Han pasado quinientos años y la sombra de Lope de Aguirre el Tirano sigue atemorizando a nuestro pueblo en las noches sombrías. Tremendo ha debido ser el estremecimiento de América para que quinientos años más tarde, campesinos analfabetos y sin la menor noción de historia hayan conservado todavía fresca la imagen de Lope de Aguirre y de sus crueles compatriotas.
Hay una vieja leyenda india que explica el origen de los cactus y de las orquídeas que se ocultan en la penumbre de la selva, por la compasión de los indios. Condolido por la suerte de su pueblo, Dios transformó a sus guerreros en ágiles y espinosos cactus que en orden de batalla parecen esperar a un enemigo y oculto en el cerrado celaje de la selva al alma adormecida del Trópico, llegó a extraerle las más hermosas leyendas. Así sufriría la carne morena con el tizón y el perno, el látigo y empalamiento.

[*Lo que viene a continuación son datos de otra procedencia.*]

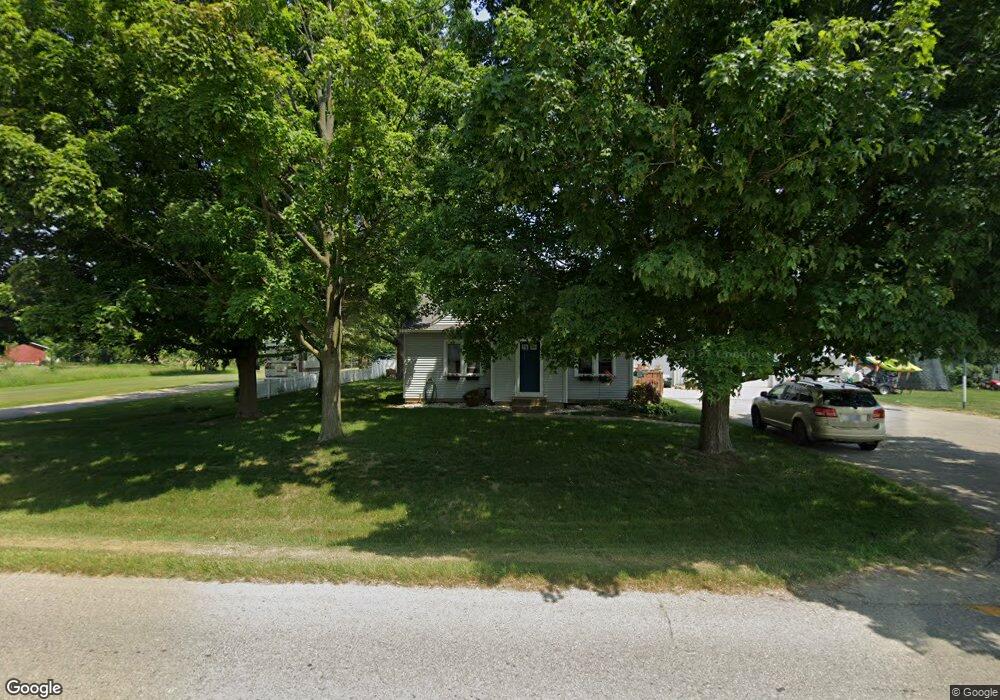 1085 144th Ave, Wayland, MI 49348 - photo 1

El suplicio y la tortura van con el conquistador al mismo paso de sus cabalgaduras. No hay expedición que no guarde en sus crónicas los más espantosos aullidos de los indios torturados, como son excepcionales los capitanes que puedan evadir el severo juicio de sus contemporáneos, cuando los acusan de pérfidos, crueles y torturadores.

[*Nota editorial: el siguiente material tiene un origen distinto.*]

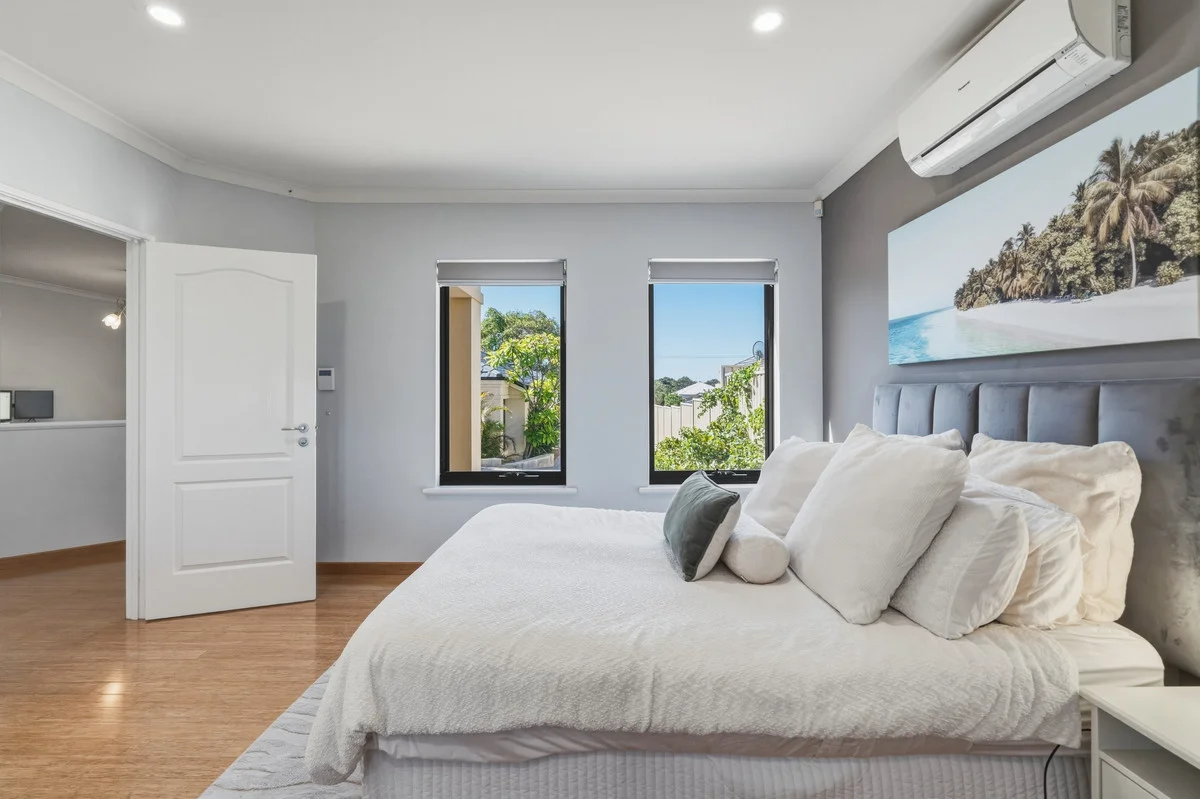 Additional image 20 of 23B Fermaner Street, Karrinyup WA 6018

«Fue una extraña crueldad» —como a cada instante anota Las Casas— lo que en diez años reduce a cero a una población de dos millones en las islas del Caribe. Obsesión homicida es lo que vemos en los rancheos de Velázquez y en los monteos de Esquivel. No cabe otra explicación. Locura es lo que se siente en aquella descarga epiléptica de los hombres de Narváez, cuando en un santiamén degüellan a todo el pueblo de Caonao por obra de un brusco impulso inexplicable. Sensación de extrañeza y malestar es lo que acusamos, tanto el dominico como nosotros, ante aquellos actos, sacramentales donde se colgaban y ahorcaban lentamente a trece indios in memoriam de Jesús y de sus doce Apóstoles. Ni la guerra ni la época pueden explicar en modo alguno las matanzas y barbaridades que aquellos dos mil hombres hicieron en Santo Domingo y en las Antillas circunvecinas. Cuando se teme a la muerte hasta el punto de vivir en ella, es que hay algo que no deja sentir la vida.

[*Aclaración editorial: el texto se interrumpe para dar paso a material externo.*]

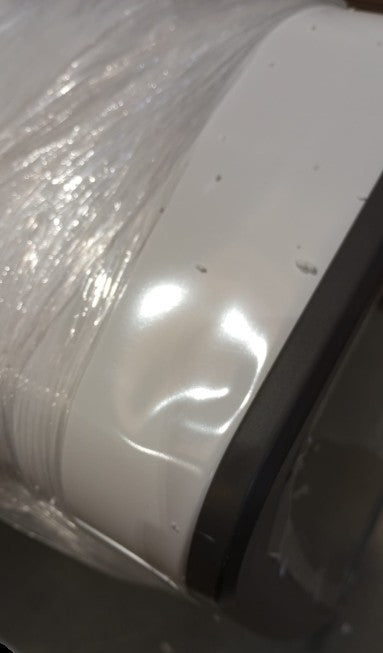 Ariston Velis Pro elektrische boiler 80 liter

Historia del miedo: Pero no es en el Santo Domingo del pacificador Obando, ni del petulante Diego Colón y su corte, donde el Viajero de Indias va a medir su audacia con su codicia. Desde que el Gobernador acuchilló a Anacaona y a cuarenta caciques, la isla sólo tiene dos peligros: los huracanes y los españoles. Los indios, a fuerza de malos tratos, se han extinguido.
Ya no hay miedo en La Española, pero tampoco hay oro. El verdadero dilema del oro y la sangre se plantea mucho más allá de Santo Domingo. En un principio será en la costa firme de Venezuela, en la región del Istmo, en las playas de Yucatán, luego será México, el imperio incaico, las tierras australes. Lo de La Española y las Antillas circunvecinas ha sido apenas un juego de niños. La verdadera medida del conquistador se la darán las tierras que van desde California hasta la Tierra del Fuego. En ellas hay más oro que en La española, pero cien obstáculos en cada legua. Si en Santo Domingo hubo lucha contra los indígenas, hambre y crimines, América se lo devolvería como un eco. Lo que entonces había sucedido era apenas un presentimiento de lo que iba a suceder.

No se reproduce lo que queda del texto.